**How to complete this task**
Please return the lines, both ends included, that run from the one containing "Karabük Eflani İlçesinde" to the last line of the data below, exactly and alone.

START Supplied information

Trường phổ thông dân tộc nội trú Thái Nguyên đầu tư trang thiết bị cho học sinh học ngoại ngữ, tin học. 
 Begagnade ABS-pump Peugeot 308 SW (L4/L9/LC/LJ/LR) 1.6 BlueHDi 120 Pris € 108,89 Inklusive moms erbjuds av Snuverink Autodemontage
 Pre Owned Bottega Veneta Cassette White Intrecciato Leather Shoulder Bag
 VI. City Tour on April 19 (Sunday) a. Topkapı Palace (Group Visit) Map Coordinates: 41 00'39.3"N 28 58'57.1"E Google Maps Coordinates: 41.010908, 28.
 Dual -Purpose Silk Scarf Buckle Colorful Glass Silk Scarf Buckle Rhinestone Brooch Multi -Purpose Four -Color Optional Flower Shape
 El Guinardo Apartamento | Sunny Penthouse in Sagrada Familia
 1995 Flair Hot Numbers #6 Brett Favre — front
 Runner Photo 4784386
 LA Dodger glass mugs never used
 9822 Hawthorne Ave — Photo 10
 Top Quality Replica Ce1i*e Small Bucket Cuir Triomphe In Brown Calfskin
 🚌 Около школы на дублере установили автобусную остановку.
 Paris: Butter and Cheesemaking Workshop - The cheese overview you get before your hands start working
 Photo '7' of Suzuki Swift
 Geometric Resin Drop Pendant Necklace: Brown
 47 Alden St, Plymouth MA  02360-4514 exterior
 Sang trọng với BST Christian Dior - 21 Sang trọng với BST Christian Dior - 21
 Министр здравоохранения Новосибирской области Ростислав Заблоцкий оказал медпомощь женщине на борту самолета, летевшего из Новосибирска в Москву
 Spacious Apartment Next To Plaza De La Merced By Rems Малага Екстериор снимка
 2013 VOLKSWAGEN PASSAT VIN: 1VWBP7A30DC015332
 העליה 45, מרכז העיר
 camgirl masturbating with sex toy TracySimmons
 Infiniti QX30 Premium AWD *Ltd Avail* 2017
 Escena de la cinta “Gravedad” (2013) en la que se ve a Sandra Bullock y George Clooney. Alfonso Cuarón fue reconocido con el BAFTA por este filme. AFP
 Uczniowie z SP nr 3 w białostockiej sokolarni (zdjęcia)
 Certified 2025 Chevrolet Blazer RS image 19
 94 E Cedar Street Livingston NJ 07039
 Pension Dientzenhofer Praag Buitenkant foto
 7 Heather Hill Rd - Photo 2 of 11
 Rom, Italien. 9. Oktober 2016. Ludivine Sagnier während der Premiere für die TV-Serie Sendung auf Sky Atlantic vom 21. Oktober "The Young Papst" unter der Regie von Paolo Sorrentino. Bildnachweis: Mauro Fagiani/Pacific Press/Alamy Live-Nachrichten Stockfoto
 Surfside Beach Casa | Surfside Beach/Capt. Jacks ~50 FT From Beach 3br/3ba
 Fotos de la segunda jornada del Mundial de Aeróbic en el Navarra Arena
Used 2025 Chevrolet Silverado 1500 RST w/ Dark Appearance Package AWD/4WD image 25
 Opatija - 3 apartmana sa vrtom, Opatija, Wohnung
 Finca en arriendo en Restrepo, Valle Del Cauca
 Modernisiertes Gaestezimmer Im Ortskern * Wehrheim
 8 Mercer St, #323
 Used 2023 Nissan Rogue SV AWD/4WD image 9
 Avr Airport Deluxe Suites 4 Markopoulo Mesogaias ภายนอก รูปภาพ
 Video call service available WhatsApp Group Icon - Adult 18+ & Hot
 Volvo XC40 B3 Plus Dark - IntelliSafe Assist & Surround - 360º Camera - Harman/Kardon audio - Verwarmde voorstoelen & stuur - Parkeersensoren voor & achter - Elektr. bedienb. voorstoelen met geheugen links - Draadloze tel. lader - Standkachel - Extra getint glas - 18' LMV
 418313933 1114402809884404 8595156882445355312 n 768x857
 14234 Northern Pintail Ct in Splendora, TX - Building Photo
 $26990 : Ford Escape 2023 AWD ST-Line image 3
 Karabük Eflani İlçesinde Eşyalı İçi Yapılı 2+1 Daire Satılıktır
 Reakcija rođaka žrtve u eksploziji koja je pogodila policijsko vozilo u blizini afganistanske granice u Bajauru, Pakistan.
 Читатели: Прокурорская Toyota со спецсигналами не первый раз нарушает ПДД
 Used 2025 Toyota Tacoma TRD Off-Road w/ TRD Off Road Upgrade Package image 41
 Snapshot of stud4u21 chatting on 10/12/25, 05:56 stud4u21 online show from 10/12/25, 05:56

END Supplied information

**Result of the task**
 Karabük Eflani İlçesinde Eşyalı İçi Yapılı 2+1 Daire Satılıktır
 Reakcija rođaka žrtve u eksploziji koja je pogodila policijsko vozilo u blizini afganistanske granice u Bajauru, Pakistan.
 Читатели: Прокурорская Toyota со спецсигналами не первый раз нарушает ПДД
 Used 2025 Toyota Tacoma TRD Off-Road w/ TRD Off Road Upgrade Package image 41
 Snapshot of stud4u21 chatting on 10/12/25, 05:56 stud4u21 online show from 10/12/25, 05:56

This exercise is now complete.